証明書の差は名義人をどこまで調べて認証するかの違い
常時SSL化が推奨され、様々なWebサイトにSSLによる暗号化通信が施されてきています。
ウチもそろそろSSL証明書を取ろうかな・・・と思った時に、証明書の価格差や種類の違いなど、わからない事がおおくあります。
SSLサーバー証明書には認証レベルにより3つに分類されます。
ドメイン認証(Domain Validation)こと「DV」
企業認証(Organization Validation)こと「OV」
EV認証(Extended Validation)こと「EV」
これらは破られにくいといった、暗号化の強度による分類ではなく、どこまで詳しく証明書の名義人(組織)を調べて認証するかといった調査のレベルによってわけられています。
ドメイン認証(DV)
ドメイン認証は対象となるドメインに登録されている登録者を確認することで発行される証明書です。

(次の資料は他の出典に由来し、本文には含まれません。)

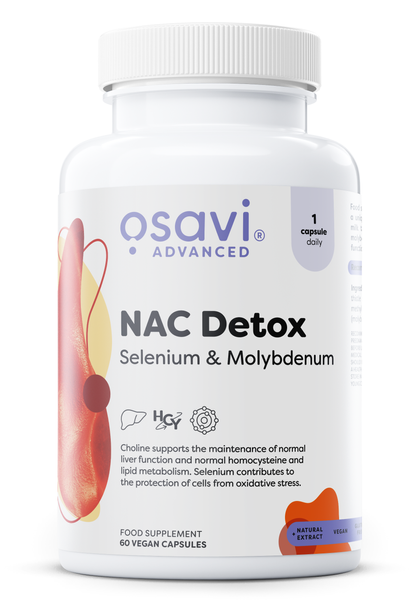 Osavi NAC Detox Selen i Molibden 60 wegańskich kapsułek na wsparcie antyoksydacyjne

他と比べ低コストで、発行までのスピードが速い証明書です。
企業認証(OV)
企業認証はドメインに加えて、法的に実在している企業・団体が運営しているWebサイトであることを証明する証明書です。
手続きには企業の「登記証明書」を送る必要もあり、証明書の取得までにはドメイン認証よりも多くの手順を踏みます。
この証明書を取得するには、各種書類審査に加え、公的資料との情報の照らし合わせや、申請者への電話確認が必要になります。
そのため、ドメイン認証よりも各段に信頼性が高い証明書です。
EV認証(EV)
EV認証は、申請している企業や担当者個人の実在証明が企業認証よりも更に厳しく審査されます。
企業認証の審査に加え、各種書類や第三者機関のデータベース等を参照し、申請している組織が法的・物理的に存在している組織なのかを確認すると共に、申請者がその組織への在籍確認と電話確認を行います。
審査が厳格なため、手順が多くなるので発行までに時間がかかりますし、ドメイン認証・企業認証と比べると高額です。
ですがEV認証はアドレスバーに自社の組織名称が表示されたり、緑になって表示されるため、一目で信頼性が高い事がわかるので、Webサイトの閲覧者に安全性をアピールすることができます。
暗号化の強度はどれも同じ
ドメイン認証が暗号化の強度が最も低いか・・・というとそうではありません。
どの証明書でも、暗号化の強度は同じです。
ですが発行するまでのプロセスの違いから、その証明書がどれだけ信頼できるものなのかを示す一つの判断基準になりますね。
証明書の価格差は信頼性の高さによって変わる
暗号化の強さが同じなら、何故証明書に価格差があるのだろう?という疑問が出てきますよね。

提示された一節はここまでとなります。